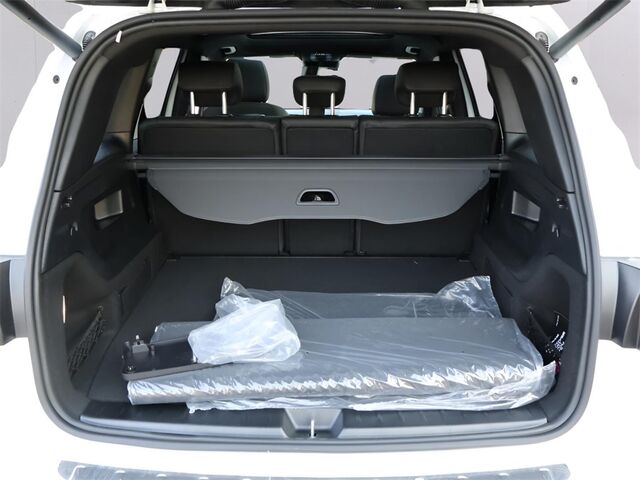 2025 Mercedes-Benz GLB GLB 250 Merriam KS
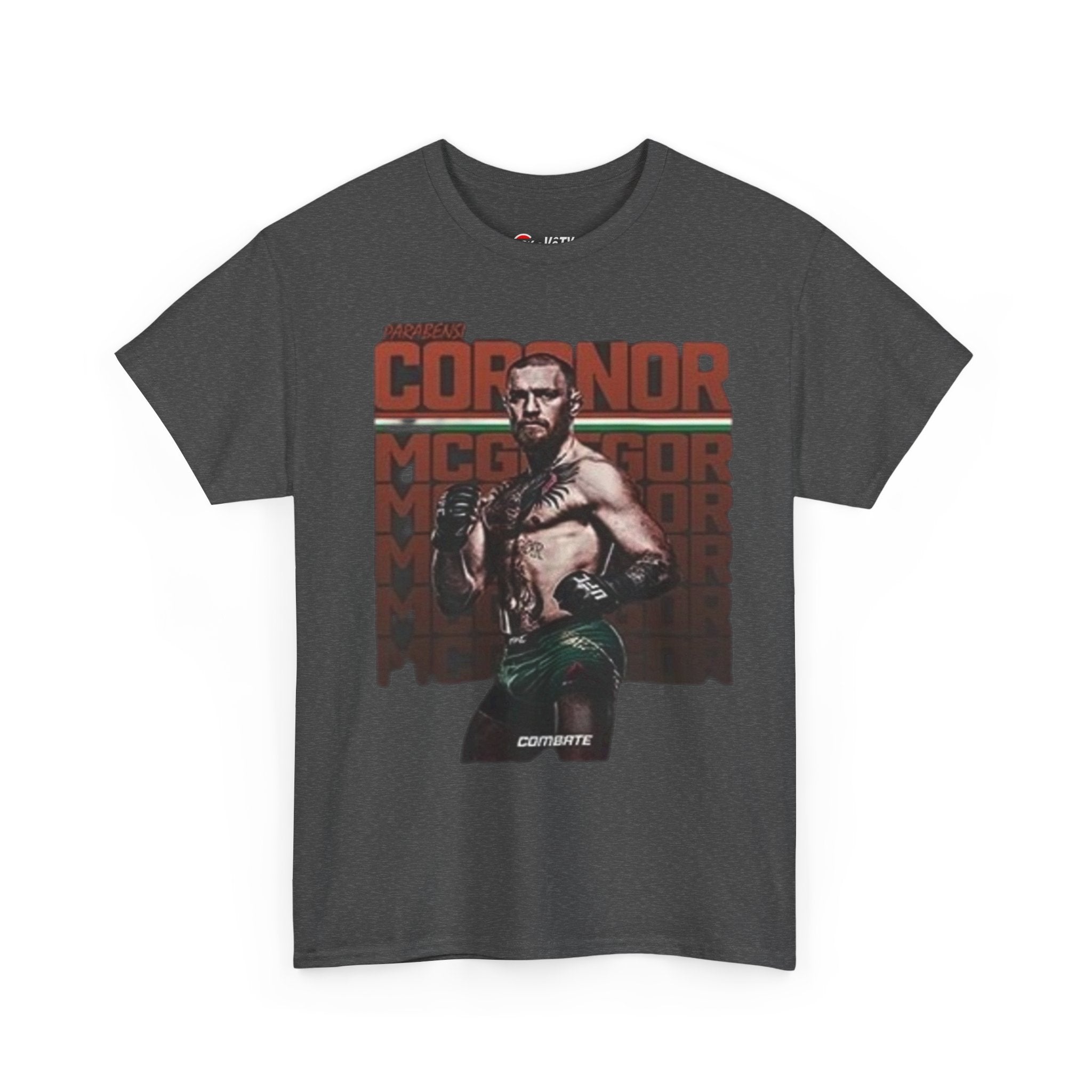 Conor McGregor "PB" T-Shirt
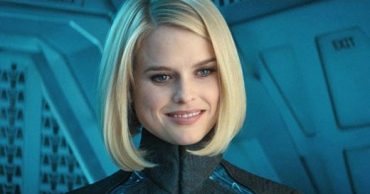 Alice Eve movies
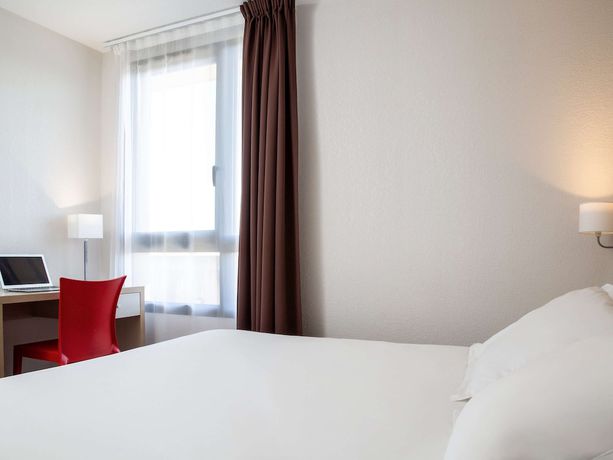 Imagen de la habitación del Hotel Adagio Access Avignon. Foto 11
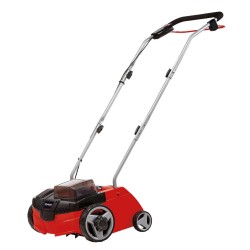 Einhell Accuverticuteermachine GC-SC 36/31 Li-Solo 36 V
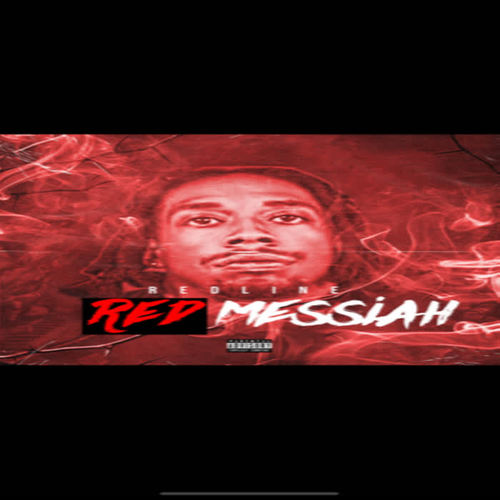 Red Messiah (Explicit)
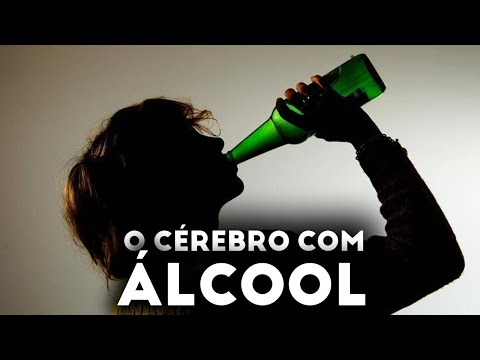 Vídeo: ❶ Efeitos Do álcool Na Aparência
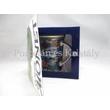 H.C.045-8104 Porcelánbögre 350 ml, Monet: Vízililiomok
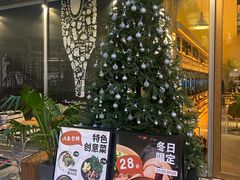 -Blac+Blac(中海环宇荟店)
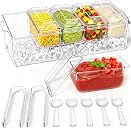 baked potato bar supplies Top1商品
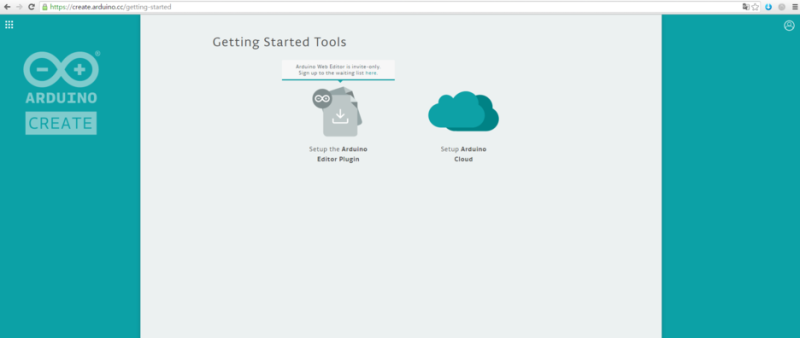 Arduino Online IDE & Cloud Service : 네이버 블로그
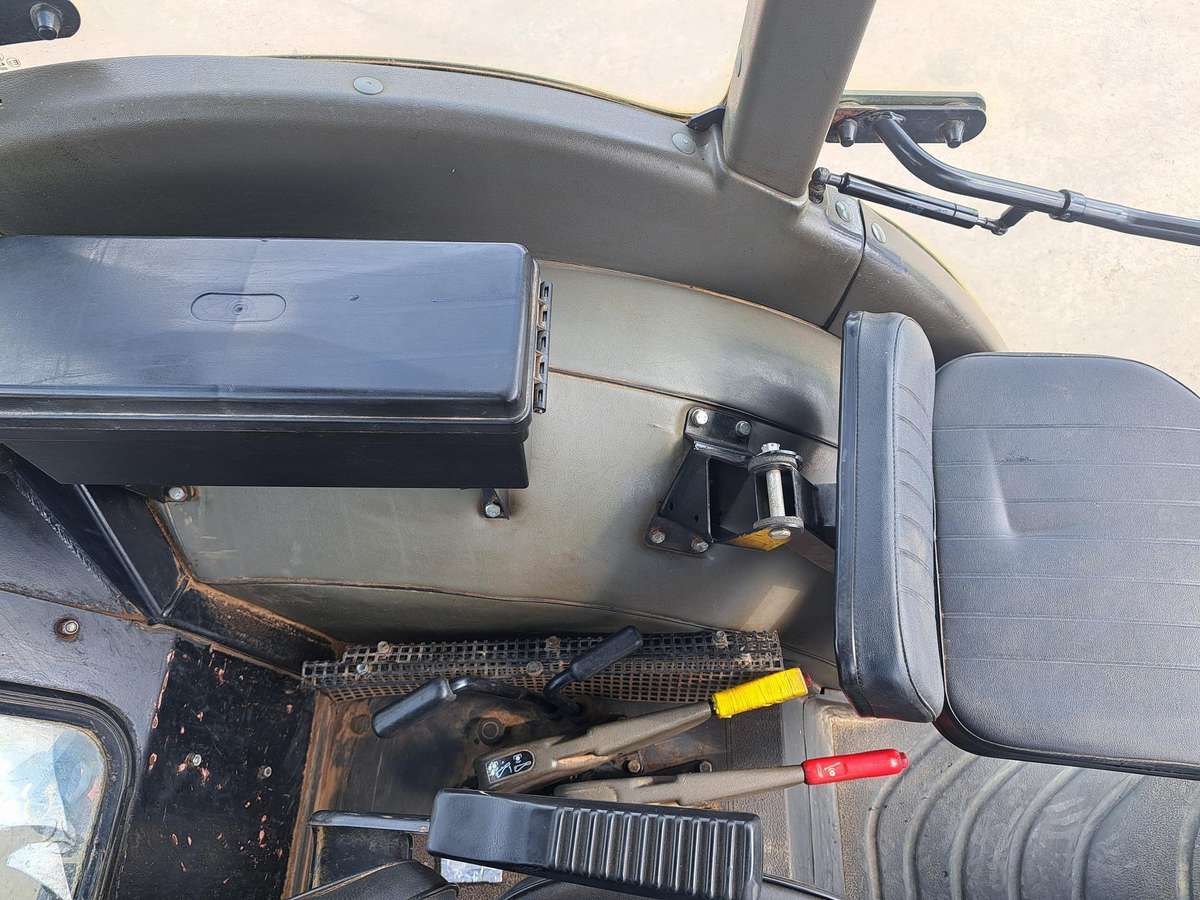 Zetor Proxima 8441, тракторы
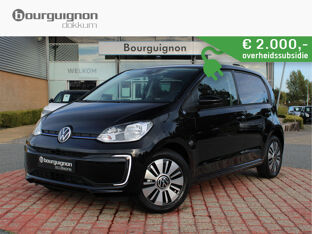 Volkswagen E-up! MAX | Clima | A-Camera | Cruise | PDC | DAB |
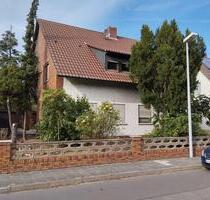 Ein- oder Zweifamilienhaus in Worms Horchheim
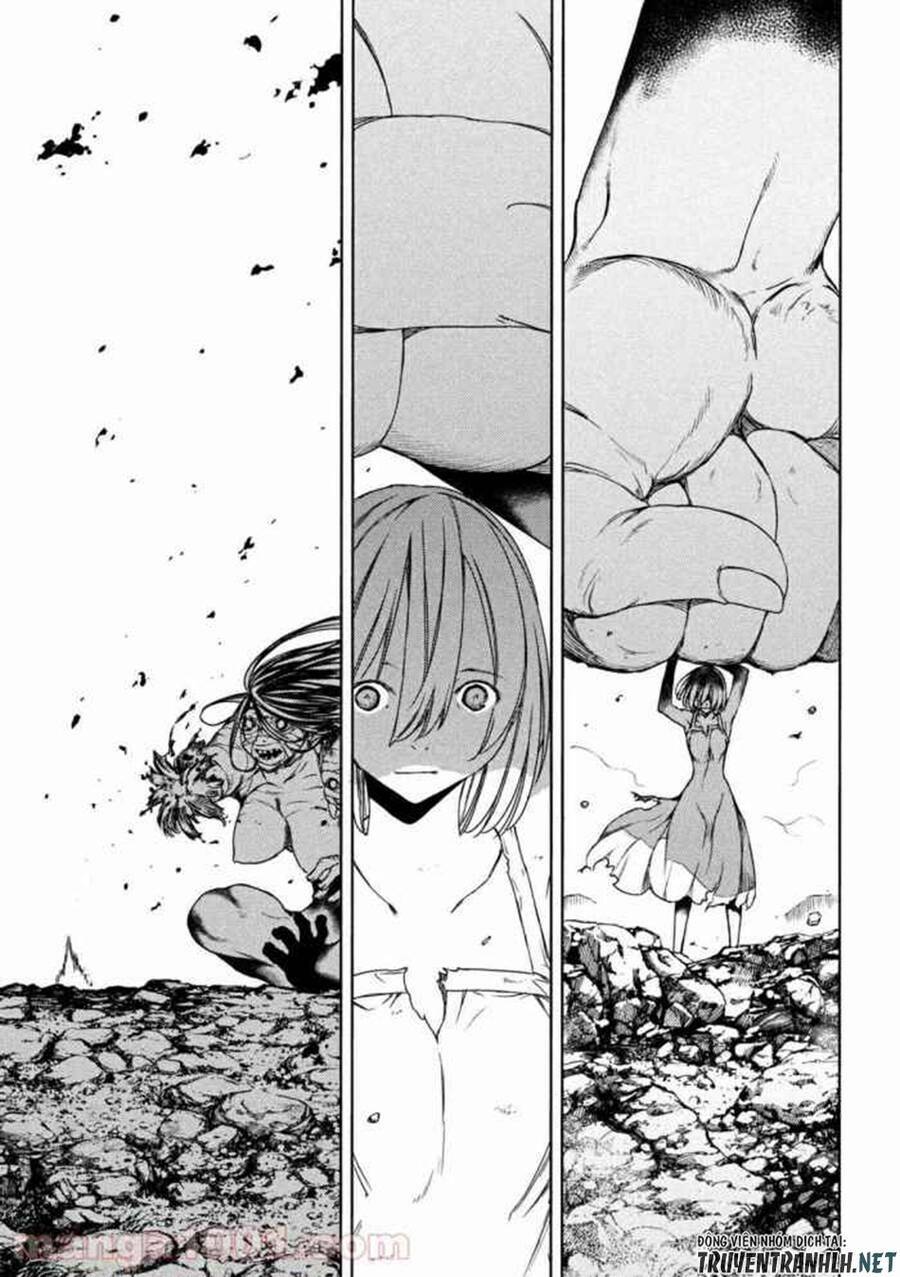 gleipnir - sợi xích thần chapter 72 7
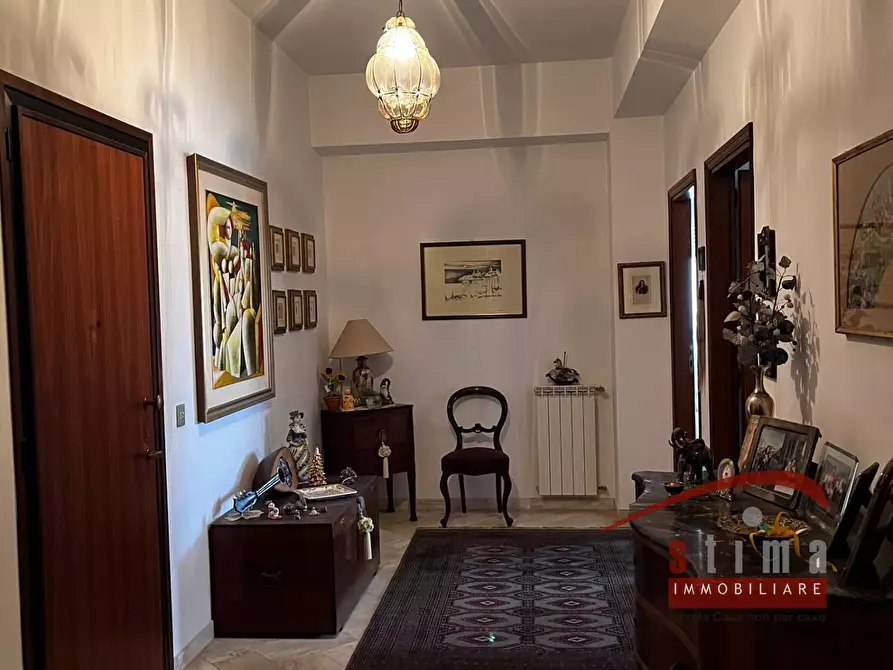Immagine 3 di Appartamento in vendita  in via olivieri a Siracusa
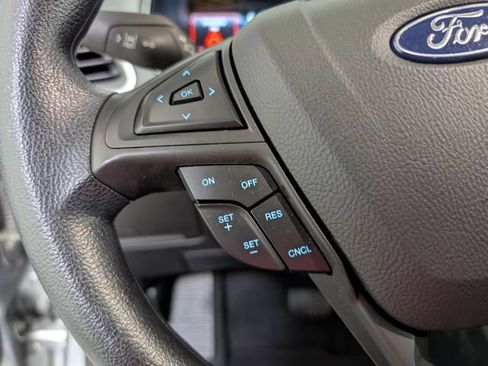 Used 2022 Ford Edge SE AWD/4WD image 18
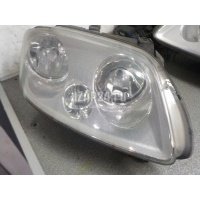 Фара правая VAG Caddy III (2004 - 2015) 2K0941006B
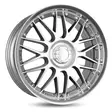 Keskin-Tuning KT4 Palladium Front Polish 5x108 19x8.5 ET40 - Alumiinivanteet muut merkit - VT61698 - 1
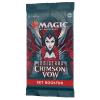 Innistrad: Crimson Vow Set Booster 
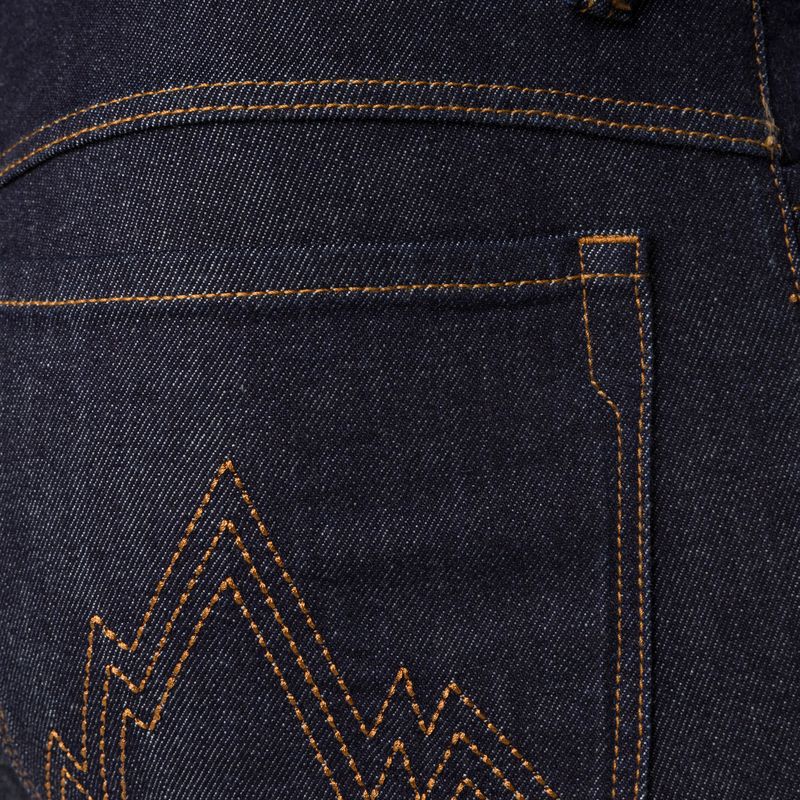 La Sportiva men's hiking trousers Eldo Jeans denim 11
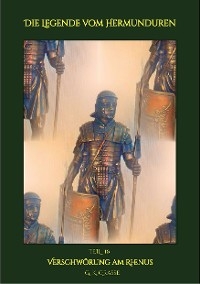 Die Legende vom Hermunduren -  G. K. Grasse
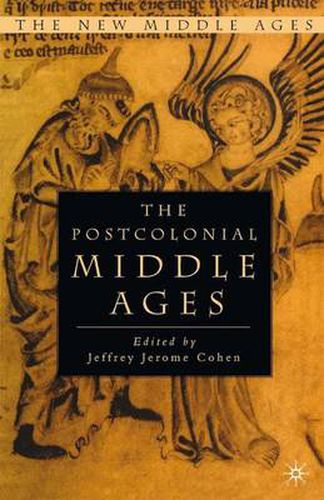 Cover image for The Postcolonial Middle Ages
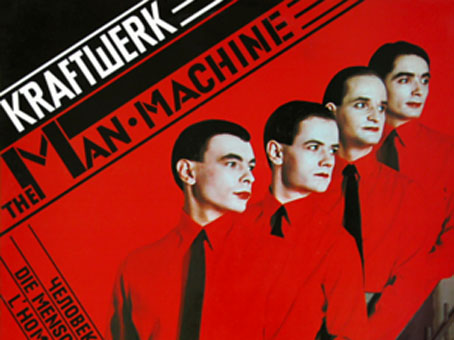 Kraftwerk 1978
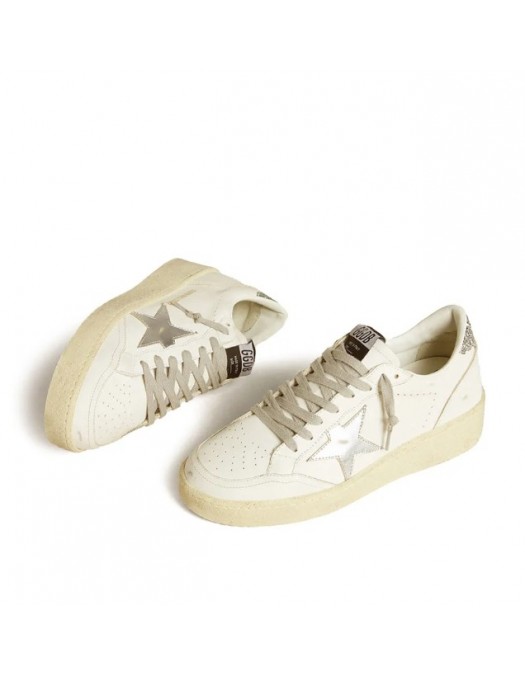 Sneakers GOLDEN GOOSE, Ball Star sneakers - GWF00804F00696680185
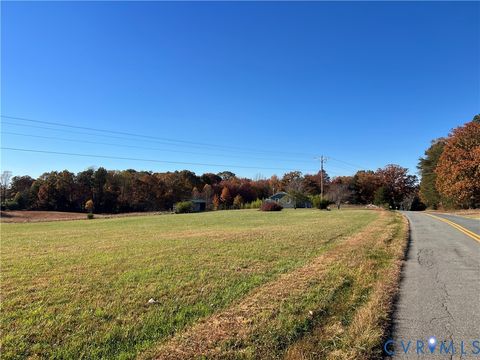 Tiny photo for 00 Howardsville Road, Howardsville, VA 24562 (MLS # 2530812)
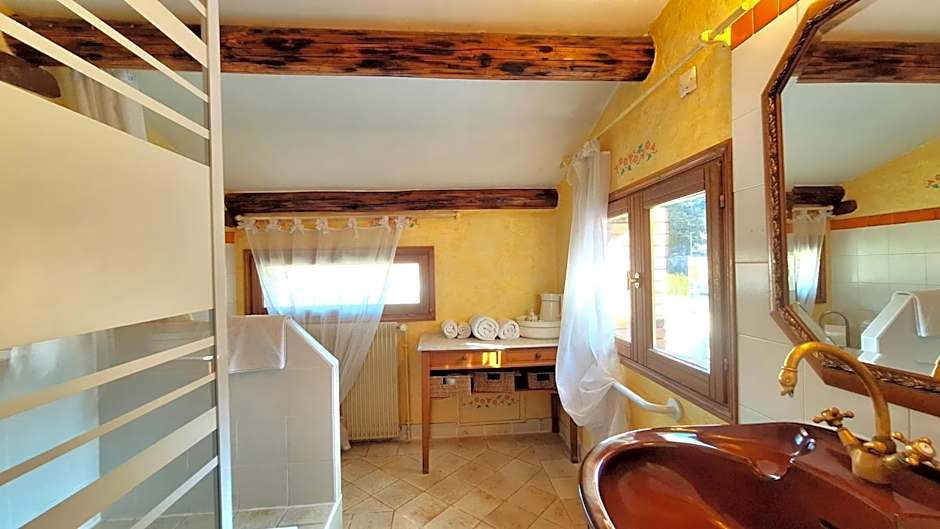 La Bergerie Du Moulin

◆ BRIEF
Please copy every record above exactly, but leave the pictures out.

◆ EXERCISE ANSWER
 2025 Mercedes-Benz GLB GLB 250 Merriam KS
 Conor McGregor "PB" T-Shirt
 Alice Eve movies
 Imagen de la habitación del Hotel Adagio Access Avignon. Foto 11
 Einhell Accuverticuteermachine GC-SC 36/31 Li-Solo 36 V
 Red Messiah (Explicit)
 Vídeo: ❶ Efeitos Do álcool Na Aparência
 H.C.045-8104 Porcelánbögre 350 ml, Monet: Vízililiomok
 -Blac+Blac(中海环宇荟店)
 baked potato bar supplies Top1商品
 Arduino Online IDE & Cloud Service : 네이버 블로그
 Zetor Proxima 8441, тракторы
 Volkswagen E-up! MAX | Clima | A-Camera | Cruise | PDC | DAB |
 Ein- oder Zweifamilienhaus in Worms Horchheim
 gleipnir - sợi xích thần chapter 72 7
Immagine 3 di Appartamento in vendita  in via olivieri a Siracusa
 Used 2022 Ford Edge SE AWD/4WD image 18
 Фара правая VAG Caddy III (2004 - 2015) 2K0941006B
 Keskin-Tuning KT4 Palladium Front Polish 5x108 19x8.5 ET40 - Alumiinivanteet muut merkit - VT61698 - 1
 Innistrad: Crimson Vow Set Booster 
 La Sportiva men's hiking trousers Eldo Jeans denim 11
 Die Legende vom Hermunduren -  G. K. Grasse
 Cover image for The Postcolonial Middle Ages
 Kraftwerk 1978
 Sneakers GOLDEN GOOSE, Ball Star sneakers - GWF00804F00696680185
 Tiny photo for 00 Howardsville Road, Howardsville, VA 24562 (MLS # 2530812)
 La Bergerie Du Moulin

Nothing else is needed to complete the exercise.